● EXERCISE DIRECTIONS
Extract precisely the lines that run from the line containing "прущая мука Касимов" to the end of the records below, with both ends included and pictures omitted.

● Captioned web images
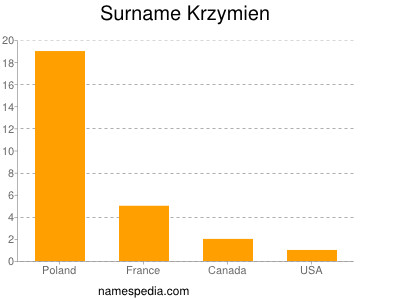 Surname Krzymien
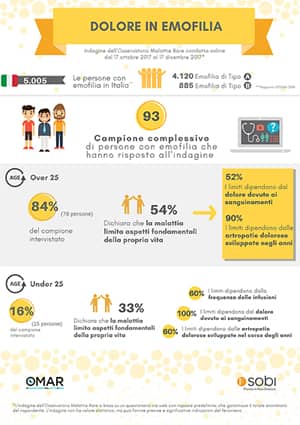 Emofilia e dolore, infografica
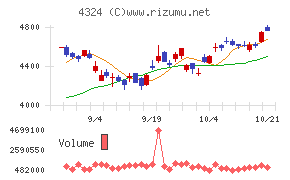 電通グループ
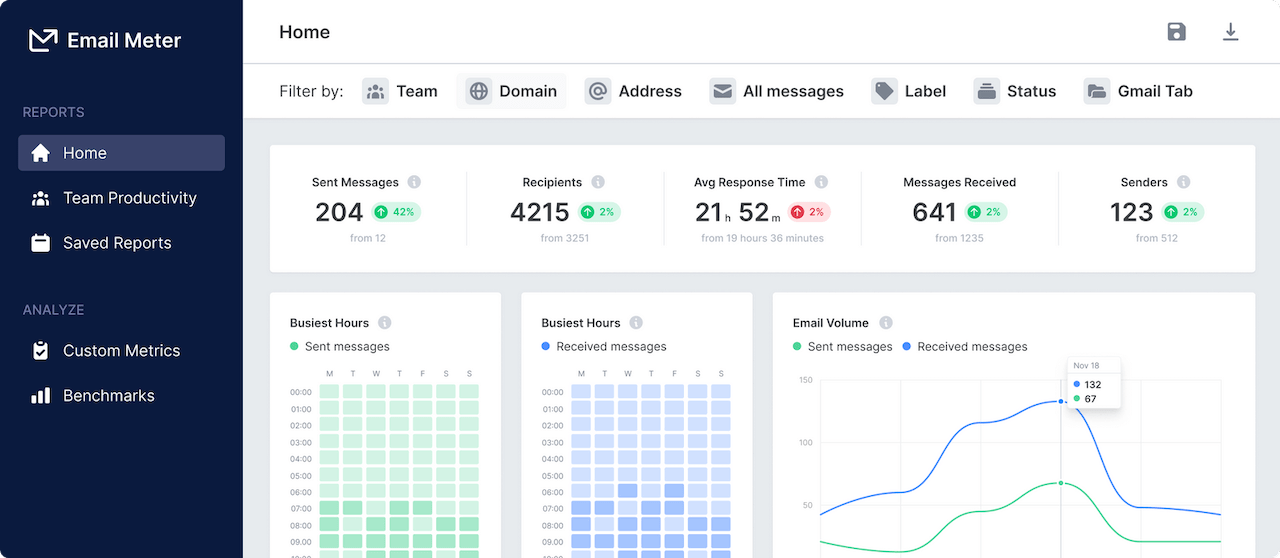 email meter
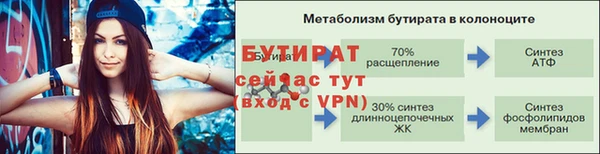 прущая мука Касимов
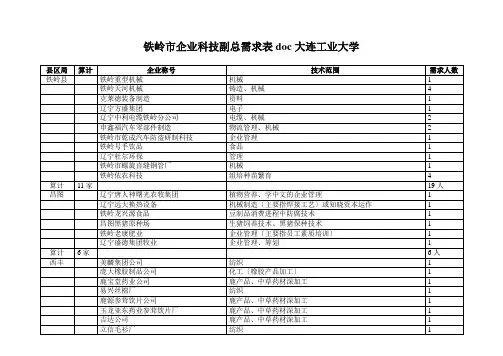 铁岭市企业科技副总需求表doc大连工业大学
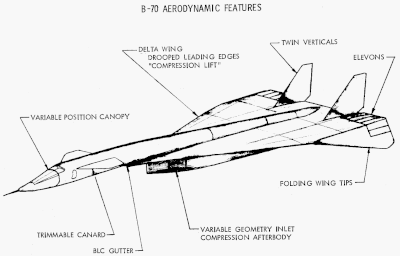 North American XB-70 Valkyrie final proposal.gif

● EXPECTED OUTPUT
 прущая мука Касимов
 铁岭市企业科技副总需求表doc大连工业大学
 North American XB-70 Valkyrie final proposal.gif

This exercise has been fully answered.